Duplicate payments are not a theoretical edge case. In any distributed payment system operating at scale, they are a guaranteed occurrence. Networks time out. Clients retry. Proxies retry on behalf of clients. Load balancers retry on 502s. The question is never "can we prevent duplicate requests?" — we cannot. The question is "can we prevent duplicate charges?"
This article covers the complete design of an idempotent payment system, including the race conditions that catch engineers off guard and the production incident that reshaped how our team thinks about distributed side effects.

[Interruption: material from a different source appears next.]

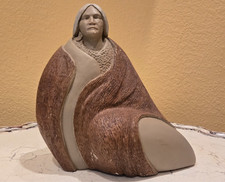 Native american sculpture for sale  Victoria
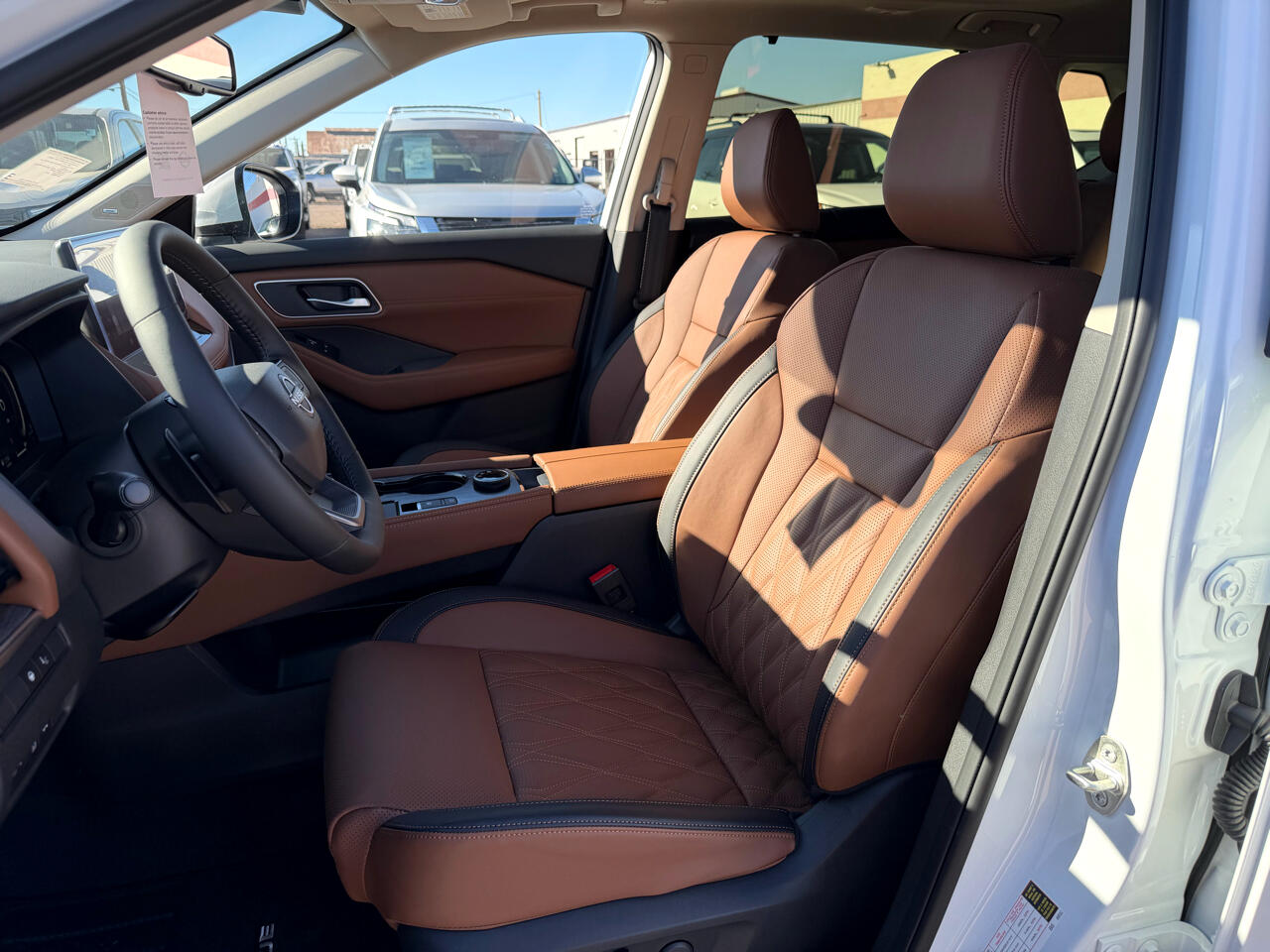 Nissan Rogue AWD Platinum *Ltd Avail* 2026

How Duplicate Payment Requests Happen
Duplicates in payment systems originate from multiple layers simultaneously:
Duplicate sources:
Client App ──retry─► API Gateway ──retry─► Load Balancer ──► Payment Service
│ │ │
│ │ │
Network 5xx response Health check
timeout from service failure +
(30s default) (retry policy) retry
Client-side retries: A mobile app's payment SDK has a 10-second timeout. The network is slow. At 10 seconds, the SDK retries. The original request arrives at second 11 — now both requests are in flight.
Proxy and infrastructure retries: AWS ALB retries on 5xx responses. Nginx has proxy_next_upstream. Your service mesh (Istio, Linkerd) has retry policies. Each layer that retries multiplies the duplicate risk.
Retry storms: After a downstream payment gateway recovers from a brief outage, all queued retries flush simultaneously. 10,000 retries arrive in 500ms. Your payment service processes some; others are duplicated in the rush.
At-least-once message delivery: If payments flow through Kafka, SQS, or any at-least-once messaging system, your consumer will eventually process the same payment event twice.
Idempotency Keys and Database Design
An idempotency key is a client-generated, globally unique token that identifies a specific payment request. Same key = same request = same result.
HTTP Header approach:
POST /payments
Idempotency-Key: idem_key_a3b4c5d6e7f8901234567890
Request body:
{
"user_id": "usr_123",
"amount": 9999,
"currency": "USD",
"payment_method_id": "pm_456"
}
The server stores the idempotency key and its result. On duplicate request: return the stored result, skip processing.
Database Schema for Idempotency
-- Idempotency store
CREATE TABLE idempotency_keys (
idempotency_key VARCHAR(255) NOT NULL,
user_id BIGINT NOT NULL,
request_hash VARCHAR(64) NOT NULL, -- SHA-256 of request body
status VARCHAR(20) NOT NULL DEFAULT 'PROCESSING',
-- status: PROCESSING | COMPLETED | FAILED
response_status INT, -- HTTP status code
response_body JSONB, -- Stored response
created_at TIMESTAMPTZ DEFAULT NOW(),
completed_at TIMESTAMPTZ,
expires_at TIMESTAMPTZ DEFAULT NOW() + INTERVAL '24 hours',
PRIMARY KEY (idempotency_key),
INDEX idx_idem_user_created (user_id, created_at)
);
-- Payments table
CREATE TABLE payments (
payment_id UUID DEFAULT gen_random_uuid() PRIMARY KEY,
idempotency_key VARCHAR(255) NOT NULL UNIQUE,
user_id BIGINT NOT NULL,
amount DECIMAL(19,4) NOT NULL,
currency CHAR(3) NOT NULL,
payment_method_id VARCHAR(255) NOT NULL,
status VARCHAR(20) NOT NULL,
gateway_charge_id VARCHAR(255), -- External gateway ID
created_at TIMESTAMPTZ DEFAULT NOW(),
FOREIGN KEY (idempotency_key) REFERENCES idempotency_keys(idempotency_key)
);
The request_hash column enables an important safety check: if a client sends the same idempotency key with a different request body, that's a bug in the client. Return 422 Unprocessable Entity rather than processing a potentially different amount.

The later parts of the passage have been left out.